* What the task asks: Output the complete listing exactly, please, and keep the pictures out of it.

* Data excerpt:
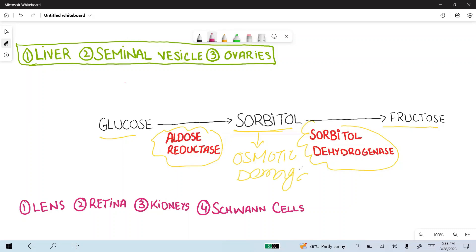The liver, seminal vesicles, and ovaries have both enzymes: aldose reductase and sorbitol dehydrogenase. So in conditions like diabetes mellitus with chronic hyperglycemia, excess glucose is converted to sorbitol, and this excess sorbitol is then converted to fructose. These cells — liver, seminal vesicles, and ovaries — are therefore protected from sorbitol-induced osmotic damage.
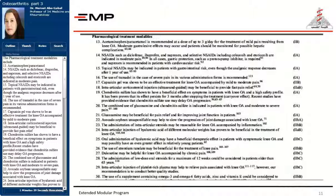Intraarticular injection of steroids may be beneficial. Chondroitin sulfate, whether alone or combined with glucosamine sulfate, may be helpful. Avocado soybean unsaponifiables are also helpful. Intraarticular injection of hyaluronic acid of different molecular weights has proven beneficial in treating knee osteoarthritis. Oral administration of hyaluronic acid may also have a beneficial therapeutic effect in symptomatic knee osteoarthritis. Low-dose oral steroids for a maximum of 12 weeks could be considered in patients older than 65 years.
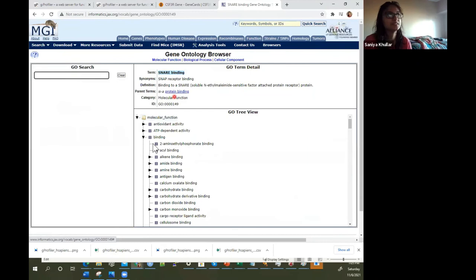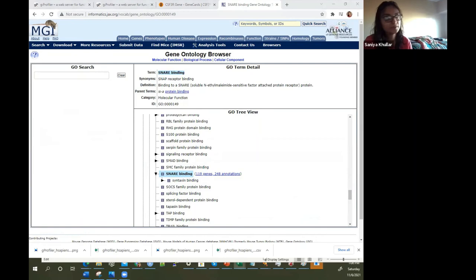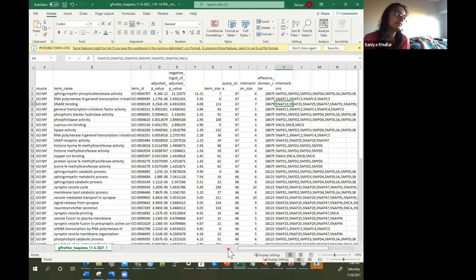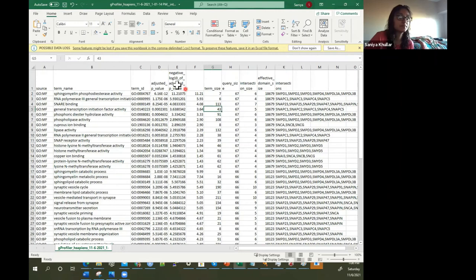For the human genome, which is what we were doing, it's about 113 genes and there were seven overlaps from our original list. That's how they're calculating and doing the annotations. The term size corresponds to the number of genes in that annotation set, and then we have the intersection size — how many from our input list overlapped.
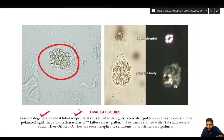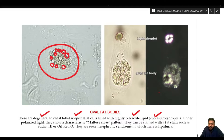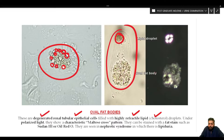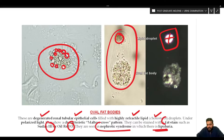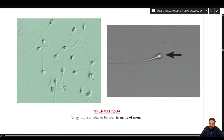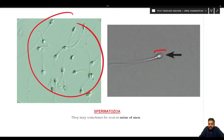Oval fat bodies are degenerated renal tubular epithelial cells that have become filled with highly refractile lipids or cholesterol droplets. Under polarized light, these fat droplets show a characteristic Maltese cross pattern. They can be stained with Sudan 3 or Oil Red O, and are mainly seen in nephrotic syndrome where there is lipiduria. Sperm may also occasionally be seen in the urine of men.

* Task result:
The liver, seminal vesicles, and ovaries have both enzymes: aldose reductase and sorbitol dehydrogenase. So in conditions like diabetes mellitus with chronic hyperglycemia, excess glucose is converted to sorbitol, and this excess sorbitol is then converted to fructose. These cells — liver, seminal vesicles, and ovaries — are therefore protected from sorbitol-induced osmotic damage.
Intraarticular injection of steroids may be beneficial. Chondroitin sulfate, whether alone or combined with glucosamine sulfate, may be helpful. Avocado soybean unsaponifiables are also helpful. Intraarticular injection of hyaluronic acid of different molecular weights has proven beneficial in treating knee osteoarthritis. Oral administration of hyaluronic acid may also have a beneficial therapeutic effect in symptomatic knee osteoarthritis. Low-dose oral steroids for a maximum of 12 weeks could be considered in patients older than 65 years.
For the human genome, which is what we were doing, it's about 113 genes and there were seven overlaps from our original list. That's how they're calculating and doing the annotations. The term size corresponds to the number of genes in that annotation set, and then we have the intersection size — how many from our input list overlapped.
Oval fat bodies are degenerated renal tubular epithelial cells that have become filled with highly refractile lipids or cholesterol droplets. Under polarized light, these fat droplets show a characteristic Maltese cross pattern. They can be stained with Sudan 3 or Oil Red O, and are mainly seen in nephrotic syndrome where there is lipiduria. Sperm may also occasionally be seen in the urine of men.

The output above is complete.